Breathe in, breathe out: be inspired and aspire

  


Inspiration is breathing in, as in inhalation. Drawing in the wind of creative spirit is like drawing breath down into the lungs. The Japanese speak of fu-in, "wind inspiration".

Aspiration is breathing upon, blowing, panting after something. To aspire is to send out the breath of soul.

Etymology, as in these examples, can be quite inspiring.
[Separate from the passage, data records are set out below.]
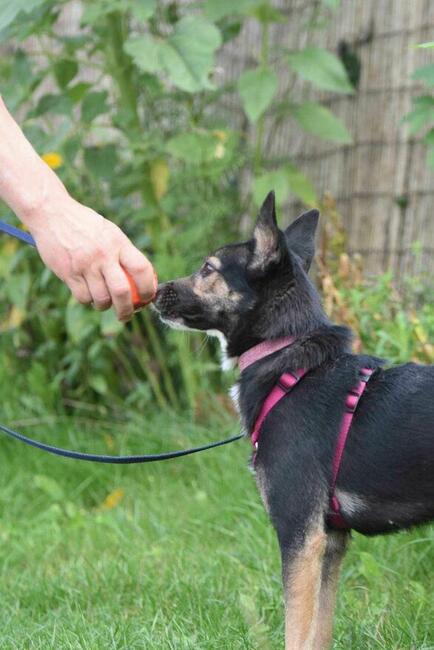 Suzi ok 3 let.sunia w typ.pinczera czeka na dom Iwona Now.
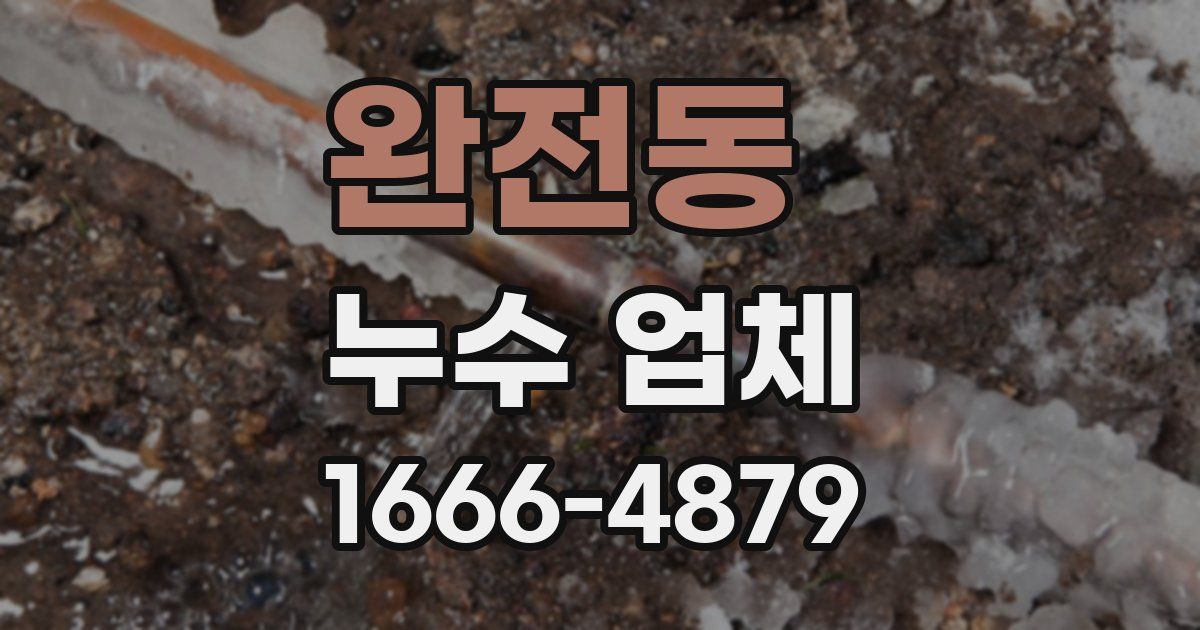 완전동 누수 업체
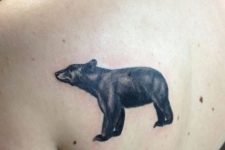 Cool bear tattoo on the back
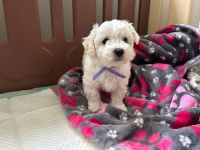 Scoby vel Theo - 7 tygodni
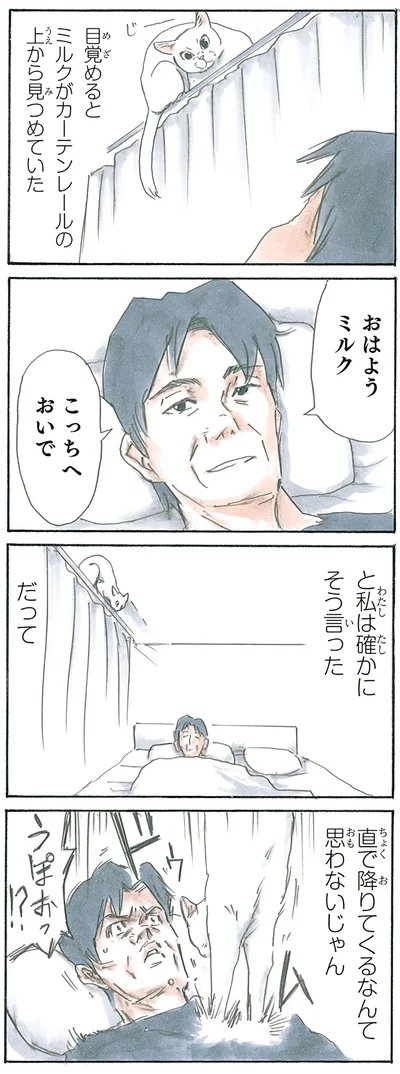 カーテンの上から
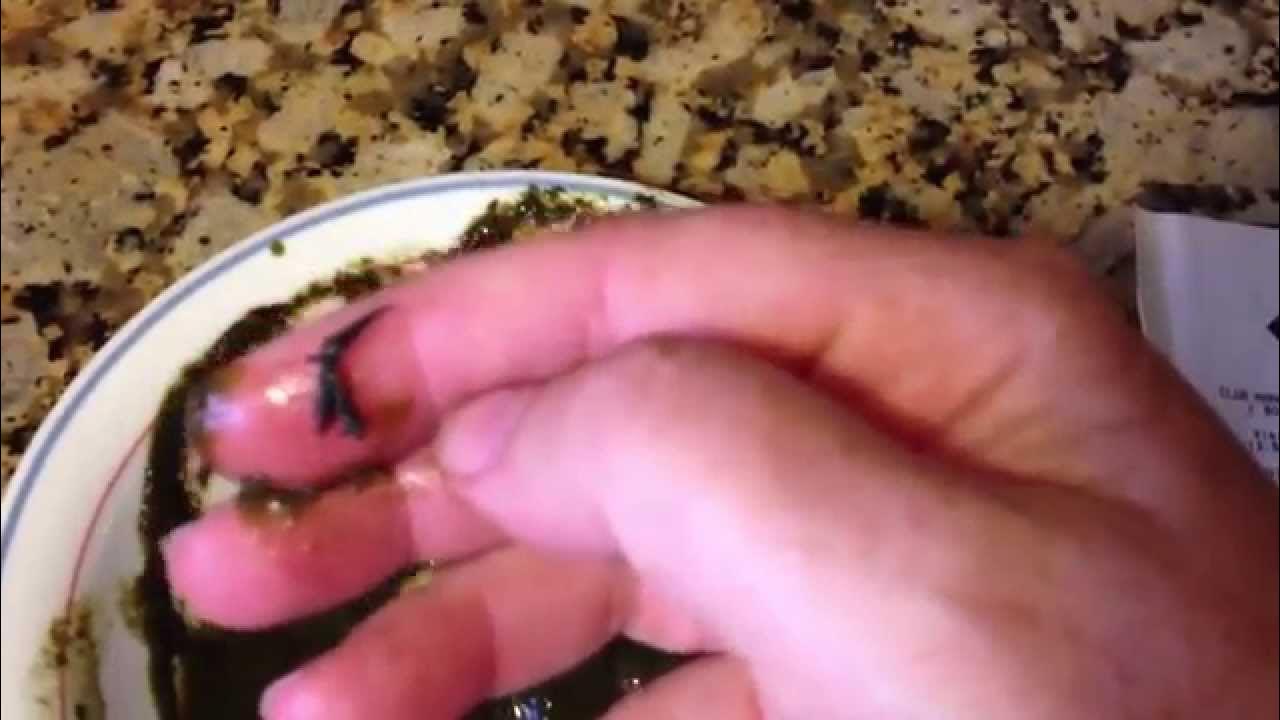 Blendtec blender gasket problem! Shredded plastic in drink! YouTube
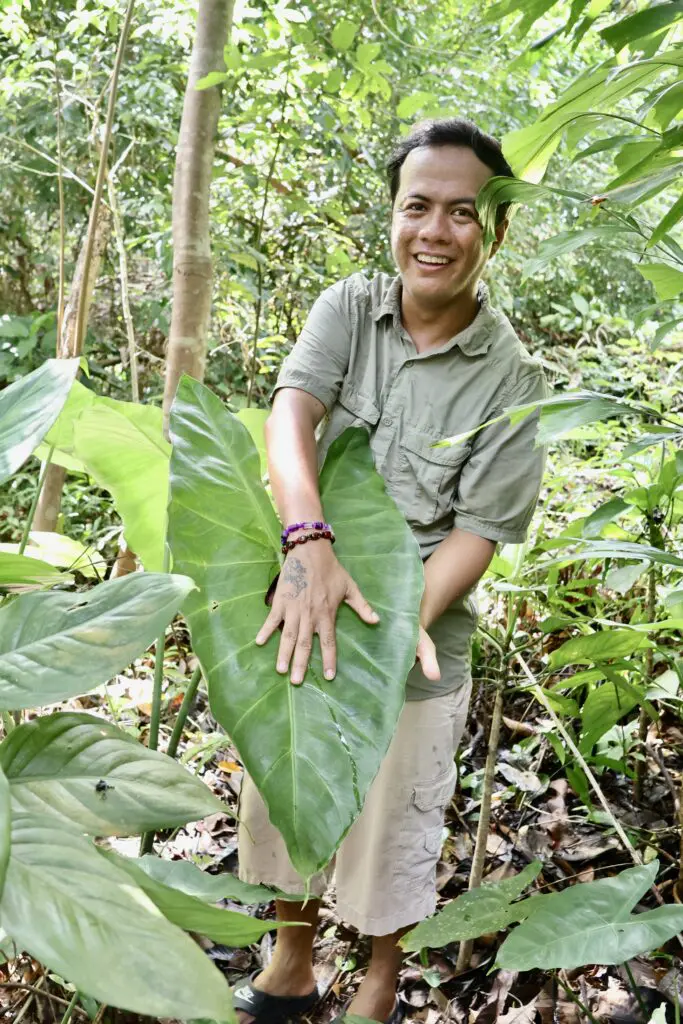 Hotel review: Song Saa, the Cambodian private island resort leading the charge in marine conservation 3 Song Saa's nature guide and botanist Vichea Sok
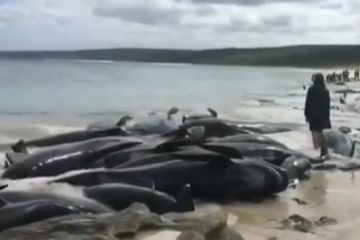 В Австралии на берег выбросились дельфины 	  	 	    			 	  	В Австралии на берег выбросились дельфины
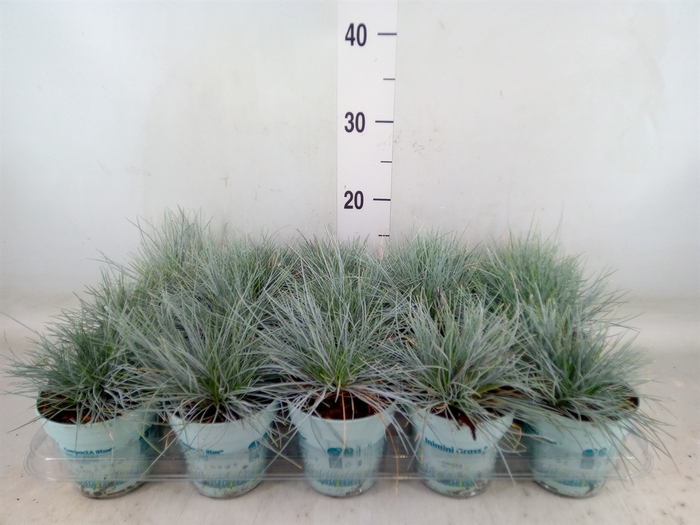 <h4>Festuca glauca 'Compacta Blue'</h4>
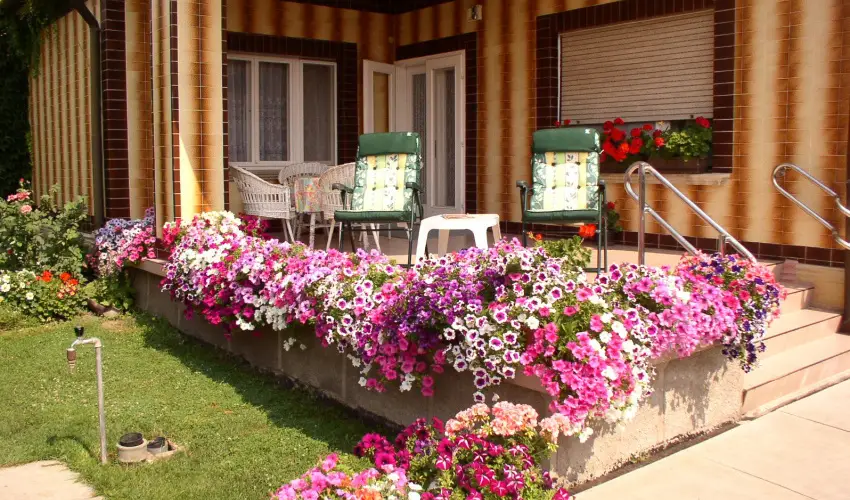 Amlia Apartman Gyula - Hsvt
In his spiritual classic, The Quest of the Oversoul, Paul Brunton suggested that the optimal condition for inspiration is "self-forgetfulness through complete concentration." Inspiration is what we can breathe in when we clear the ordinary self and its preoccupations out of the passages, and open to something beyond all that clutter. This can lead to that blessed flow state we all aspire to, when we are awakened and conscious. It can be invited, but not programmed or controlled. As Brunton observed:

Man is capable of connected thought but not of connected inspiration. The genius who struggles to give birth to great things lives fitfully, warring sporadically with his own self, sometimes blocking and unconsciously interfering with the inspiration which woos him.
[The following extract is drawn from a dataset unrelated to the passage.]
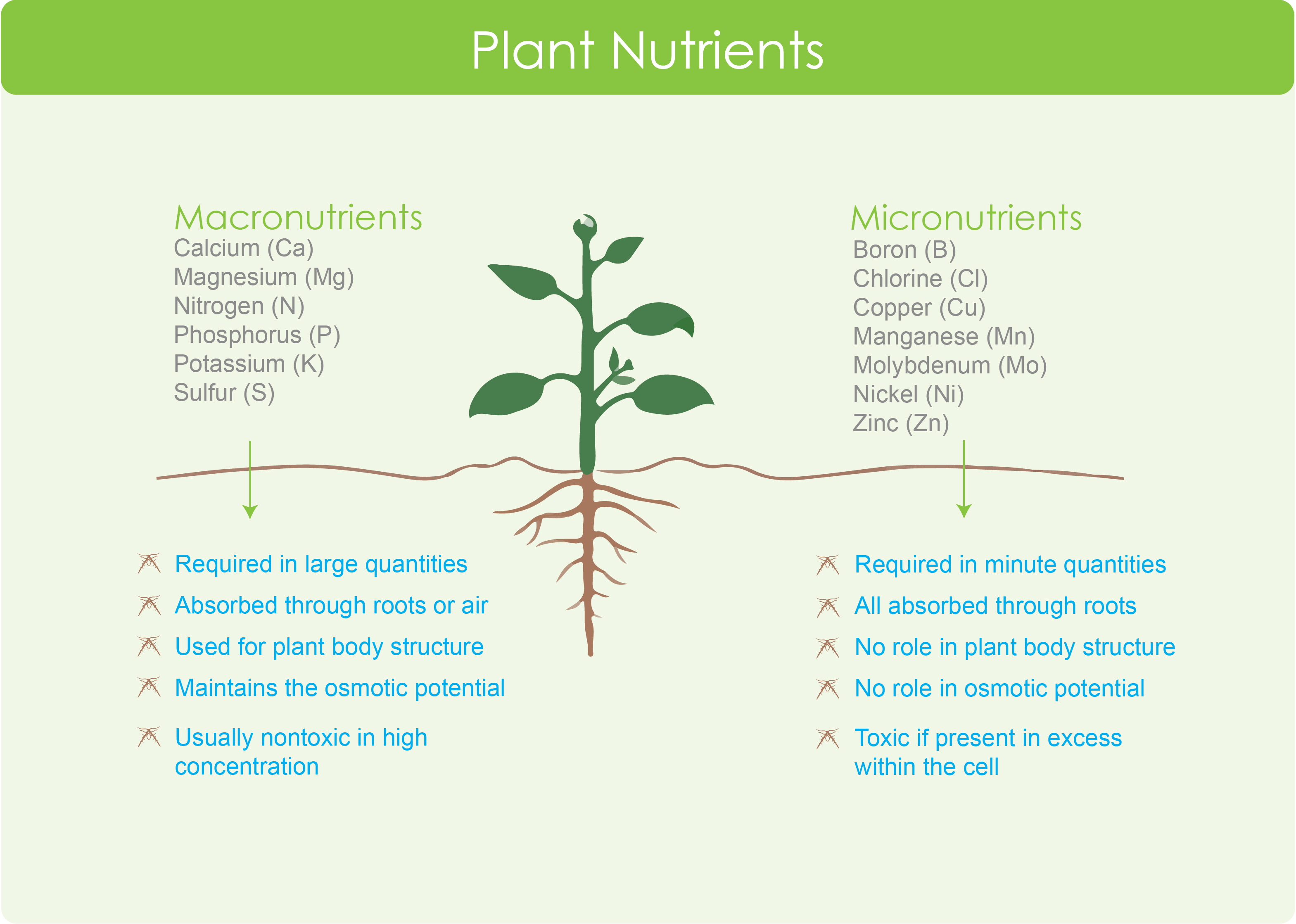 Looking for the plant. Macronutrients for Plants. The role of potassium in Plant Life. Potassium transport in Plant Tissue. Growth Medium for Plant Tissue.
When we are truly inspired, we can become vehicles for fresh creation that comes to us whole and complete. Brunton maintained that "all inspired work is delivered to us whole and complete before even the first movement of hand or head has been made."

As a book writer, I must pause for a few deep breaths, because although I know exactly what this means in the inception of a new book, I also remember that bringing through what may be complete on some other level of reality may be a long and bumpy process, requiring perspiration as well as inspiration.

Aspiration, in contrast to inspiration, means sending out the breath of your wishes and yearnings. I think of how, when we still wrote letters the old-fashioned way, some of us might breathe on the envelope to send love to a loved one or in the hope that our missive would bring happy results.

I am cheered by Brunton's confidence that when we truly aspire, we mobilize a response from invisible helpers:

To send out repeatedly into the universe a silent or vocal call, desire or yearning for spiritual truth, peace or guidance is to set stirring into action certain intelligent forces that exist in the universe and that ultimately respond, in exact proportion to the degree of intensity of the aspiration. The universe is not a blindly working machine, but a garment worn by a hierarchy of conscious intelligent beings.

Action plan, for any day: breathe in, breathe out, and be conscious of what you are calling in and sending out.